TDS Newsletter: How to build robust data and AI systems

Machine Learning


Never miss a new edition of variablea weekly newsletter featuring a top-notch selection of editor’s picks, details, community news, and more.

Many practitioners want to jump headfirst into the nitty-gritty details of implementing an AI-powered tool. I understand that. Searching for solutions can save time and is often a fun way to advance your learning.

However, as this week’s articles demonstrate, it’s important to have a high-level understanding of how the different parts of your workflow fit together. sooner or later, then something For example, if your data pipeline or your team’s most important metrics go awry, having this mental model in place will help you stay focused and effective as a data or AI leader.

Let’s explore what systems thinking actually looks like.
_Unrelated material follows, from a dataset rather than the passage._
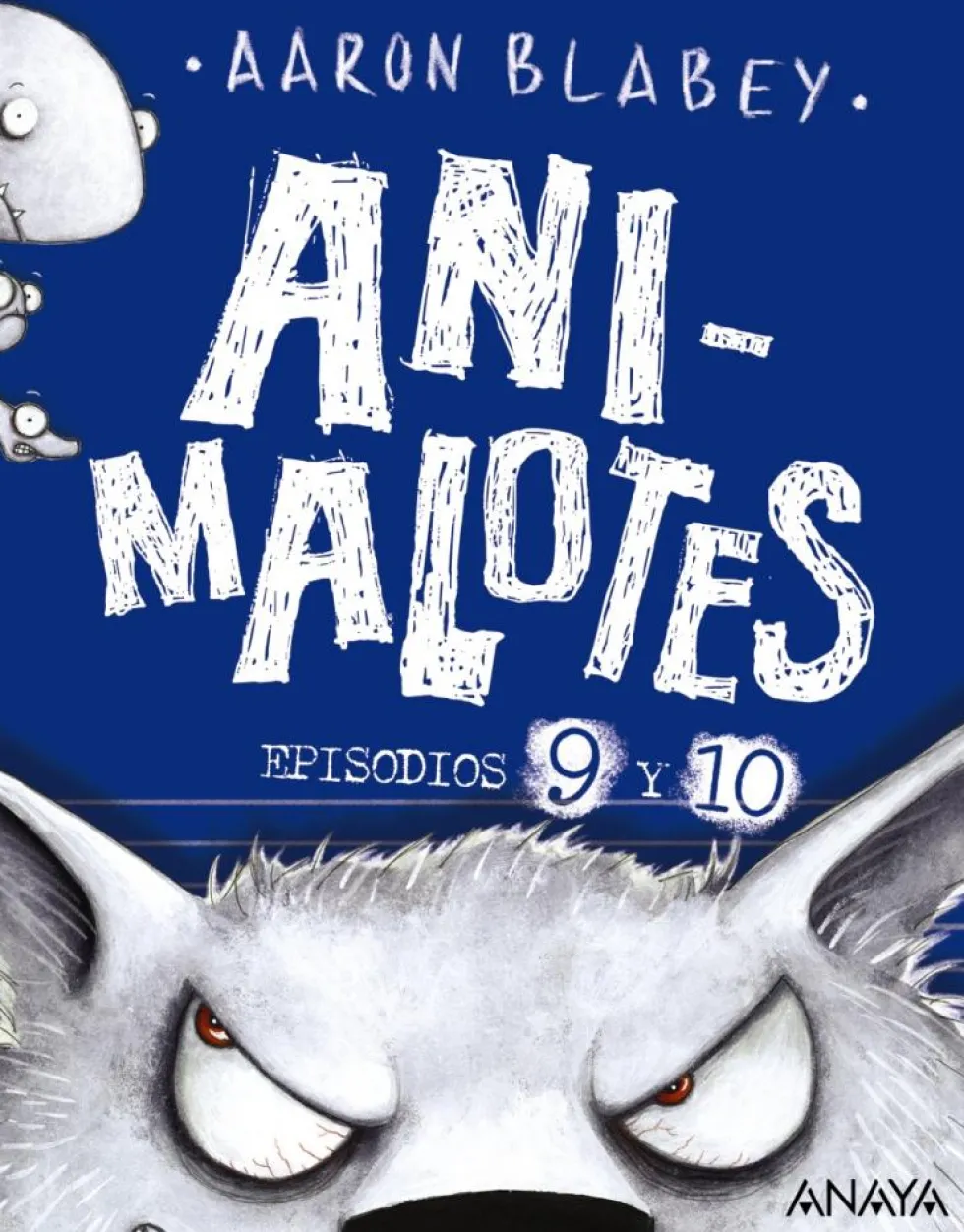 Animalotes 9 y 10: El lobo feroz / Un día movidito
How to build an overengineered search system

Ida Silfverskiöld’s new deep dive piece together detailed acquisition pipelines as part of a broader RAG solution, but assumes that for most AI engineering challenges, “there is no real blueprint to follow.” Instead, you must rely on extensive trial and error, optimization, and iteration.
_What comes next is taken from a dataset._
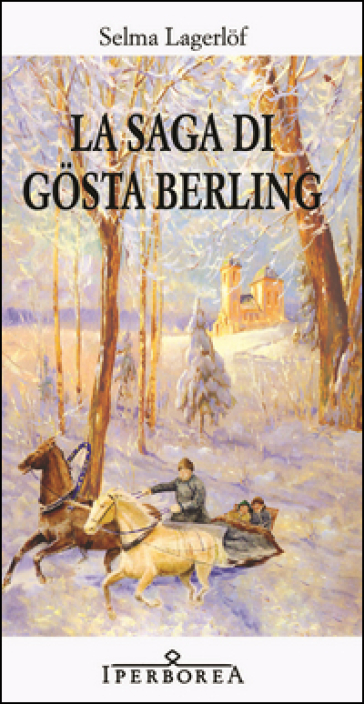 La saga di Gosta Berling - Selma Lagerlof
Data culture is a symptom, not a solution

Careful planning, prioritization, and strategizing doesn’t just benefit one tool or team. As Jens Linden explains, it’s essential for organizations to grow and their data investments to pay off.
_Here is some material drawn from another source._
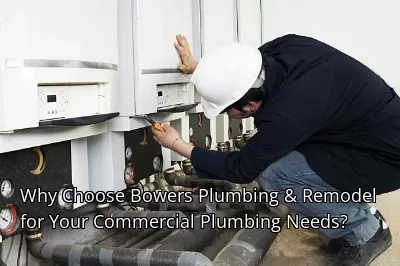 Why Choose Bowers Plumbing & Remodel for Your Commercial Plumbing Needs? Why Choose Bowers Plumbing & Remodel for Your Commercial Plumbing Needs?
Building a monitoring system that actually works

Follow Mariya Mansurova’s guide to learn about “different monitoring approaches, how to build your first statistics monitoring system, and the challenges you may encounter when putting it into production.”


Most read articles this week

Check out three of our most popular recent articles covering code efficiency, LLM in data analysis services, and GraphRAG design.

Run Python in C up to 150x faster, by Thomas Reid

Time Series Analysis Using LLM, by Sara Nobrega

Do you really need GraphRAG? A Practical Guide Beyond the Hype, by Partha Sarkar

Other recommended books

From tips to improve your chances at Kaggle contests to practical advice to ace your next ML system design interview, here are some articles you won’t want to miss.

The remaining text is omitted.